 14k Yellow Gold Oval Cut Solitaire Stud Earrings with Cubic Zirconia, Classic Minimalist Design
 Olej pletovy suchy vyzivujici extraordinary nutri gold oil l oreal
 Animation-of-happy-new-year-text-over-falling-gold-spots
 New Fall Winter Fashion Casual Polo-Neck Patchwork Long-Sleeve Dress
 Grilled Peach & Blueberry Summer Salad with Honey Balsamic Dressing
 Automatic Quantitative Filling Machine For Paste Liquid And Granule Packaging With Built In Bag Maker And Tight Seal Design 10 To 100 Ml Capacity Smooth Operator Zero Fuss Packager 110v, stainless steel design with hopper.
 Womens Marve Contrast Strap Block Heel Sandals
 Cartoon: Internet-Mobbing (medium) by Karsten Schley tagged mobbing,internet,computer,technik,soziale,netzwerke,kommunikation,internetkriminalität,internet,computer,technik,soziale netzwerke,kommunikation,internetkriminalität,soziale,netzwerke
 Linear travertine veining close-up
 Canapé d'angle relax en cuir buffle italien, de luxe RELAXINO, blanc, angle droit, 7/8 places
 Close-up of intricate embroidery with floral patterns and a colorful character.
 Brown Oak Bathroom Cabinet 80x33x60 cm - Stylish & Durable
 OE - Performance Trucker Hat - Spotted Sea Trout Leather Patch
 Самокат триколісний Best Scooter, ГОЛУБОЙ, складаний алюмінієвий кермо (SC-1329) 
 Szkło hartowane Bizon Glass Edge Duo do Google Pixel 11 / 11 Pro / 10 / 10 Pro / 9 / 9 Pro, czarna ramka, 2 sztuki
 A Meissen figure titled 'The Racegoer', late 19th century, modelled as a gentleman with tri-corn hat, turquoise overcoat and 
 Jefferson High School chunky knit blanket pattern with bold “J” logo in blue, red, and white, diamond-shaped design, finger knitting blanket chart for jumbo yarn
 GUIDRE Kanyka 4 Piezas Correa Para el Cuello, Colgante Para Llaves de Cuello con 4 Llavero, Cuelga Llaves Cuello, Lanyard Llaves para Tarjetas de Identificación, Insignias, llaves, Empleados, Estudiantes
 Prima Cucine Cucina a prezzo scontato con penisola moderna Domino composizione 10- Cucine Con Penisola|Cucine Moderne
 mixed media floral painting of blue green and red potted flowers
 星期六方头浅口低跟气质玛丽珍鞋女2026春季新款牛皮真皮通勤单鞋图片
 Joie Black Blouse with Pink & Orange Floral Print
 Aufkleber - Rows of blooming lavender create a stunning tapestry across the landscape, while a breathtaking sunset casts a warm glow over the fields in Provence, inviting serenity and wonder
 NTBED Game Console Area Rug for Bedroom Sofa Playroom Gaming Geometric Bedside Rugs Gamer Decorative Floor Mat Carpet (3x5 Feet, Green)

> Aim of the exercise: Output the lines above between the one holding "Brown Oak Bathroom" and the one holding "Самокат триколісний Best", inclusive, with nothing before or after them.

> Reply:
 Brown Oak Bathroom Cabinet 80x33x60 cm - Stylish & Durable
 OE - Performance Trucker Hat - Spotted Sea Trout Leather Patch
 Самокат триколісний Best Scooter, ГОЛУБОЙ, складаний алюмінієвий кермо (SC-1329) 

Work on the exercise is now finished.